PITTSBURGH (AP) — Jay Ajayi’s resume wasn’t much to look at in early October. Thirteen career games. A grand total of 304 yards rushing and three touchdowns for a Miami Dolphins team that may have cornered the market on “meh.” The only truly conspicuous thing about Ajayi in mid-October may have been the dreadlocks that crashed against the top of his No. 23 jersey like the surf on nearby South Beach.
Three hours against the Pittsburgh Steelers changed everything. Over the course of four quarters Ajayi angrily churned through Pittsburgh’s defense relentlessly, shaking off some tacklers, running over others on sprinting by the rest on his way to 204 yards and two scores in a 30-15 whipping that doubled as a coming out party.
No big deal. Only the most rushing yards given up by the Steelers in 16 years. Pittsburgh walked into Hard Rock Stadium 4-1 and rolling. The Steelers trudged out wondering what — or who, to be more exact — hit them.
“It was a humbling experience for us,” nose tackle Javon Hargrave said. “We went out there and got our butts whipped.”
The AFC North champions have no interest in repeating the experience Sunday when Ajayi and the Dolphins (10-6) visit the Steelers (11-5) in the wild-card round. Ajayi has proven his breakout was no “lighting strike,” as Pittsburgh coach Mike Tomlin put it. Ajayi struck again and again over the final 11 weeks on his way to 1,265 yards that helped propel Miami back to the postseason for the first time in eight years.
“I was confident I would have a good day,” Ajayi said about the first meeting. “The confidence level hasn’t changed. It’s exciting. Playoff game, winner go home. Stakes are higher. Chance to show your abilities on a big stage.”
And an opportunity for Pittsburgh’s defense to show just how much it’s matured. Looking back, the vibe that muggy afternoon was just “weird.” Defensive end Cam Heyward missed the first game of his career with a hamstring injury. Linebacker Ryan Shazier stood on the sideline in a T-shirt resting an achy right knee watching the 11 guys on the field getting manhandled.
“It definitely hurt to see us get beat up like that,” said Shazier, who will play this time around. “The things that went and how the game occurred. I think everybody understands how much it hurts. Everybody in this locker room been there that day, is ready to play these guys again and really show them that’s not going to happen again.”

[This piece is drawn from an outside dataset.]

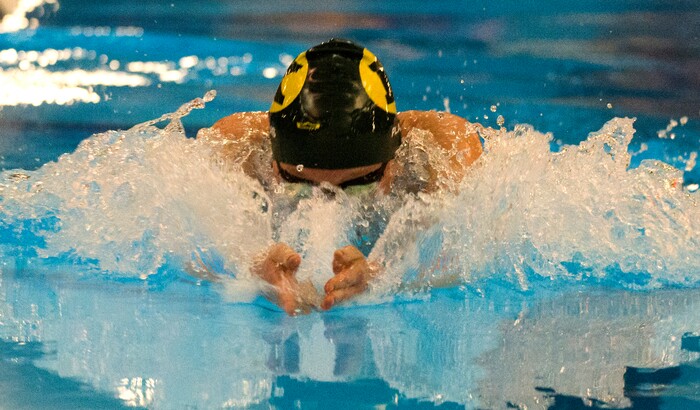 (Rick Egan  |  The Salt Lake Tribune)    Kearns Swimmer, Lily Plaudis, places first in the Women's 100 Yard Breaststroke, in 6A State Swimming Championships in Bountiful, Friday, February 9, 2018.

For the most part, it hasn’t even with Heyward eventually being lost for the season with a torn pectoral muscle in a Week 10 loss to Dallas . That game ended with Ezekiel Elliott darting to the end zone twice in the final two minutes through the kind of massive holes hard to open in practice, let alone when it counts. The Steelers walked off the field 4-5 and in serious trouble.
Then, quite quickly, the kids grew up even with their captain on injured reserve. Forced to get creative, defensive coordinator Keith Butler started moving Stephon Tuitt up and down the line and relying more heavily on Hargrave and well-traveled Ricardo Mathews. James Harrison and Bud Dupree ended the five-man rotation at outside linebacker because they provided the kind of physicality in the run game their brethren could not. Throw in an offense that started hogging the ball like a 3-year-old protecting his favorite toy and all of a sudden, the sledding against the Steelers became far tougher.

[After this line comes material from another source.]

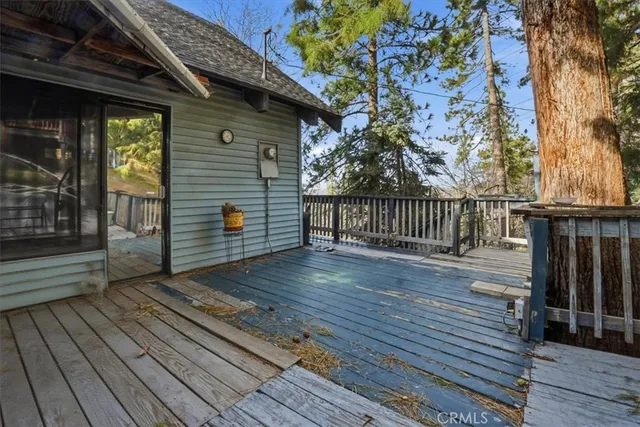 a view of a wooden house with a large tree and wooden fence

Pittsburgh allowed just 64.6 yards rushing a game during five straight wins that vaulted them back into first in the AFC North. Though they wobbled a bit over the final two weeks, the difference between the defense Ajayi saw in October and the one he’ll see on the second Sunday in January is considerable. Something not lost on Ajayi.
“They’re confident they’re doing things right so it’s exciting,” Ajayi said. “All that stuff that happened in the regular season is out the window.”
Particularly with quarterback Ryan Tannehill out . Ajayi is no longer a secret and opponents have adjusted. He’s gone over 80 yards just once over the final eight weeks, a 206-yard explosion in a Week 15 win over Buffalo that sealed a playoff berth. Ajayi expects Pittsburgh to crowd the line of scrimmage and try to get their hands on him before he gets loose in the secondary, where hitting the 6-foot, 216-pounder is not for the squeamish.
“If you’re talking about corners as your first line of defense in terms of stopping the run, that’s a bad discussion,” Tomlin said. “There are some bigger people more suited for that action that play in front of them that better have a lot to say about it, as well.”
That’s fine by Ajayi.
“Whatever the defenses throw at us, if we execute – our o-line comes off the ball physical, downhill, I’m running hard and receivers are doing what they do on the perimeter – we’ll be fine,” he said.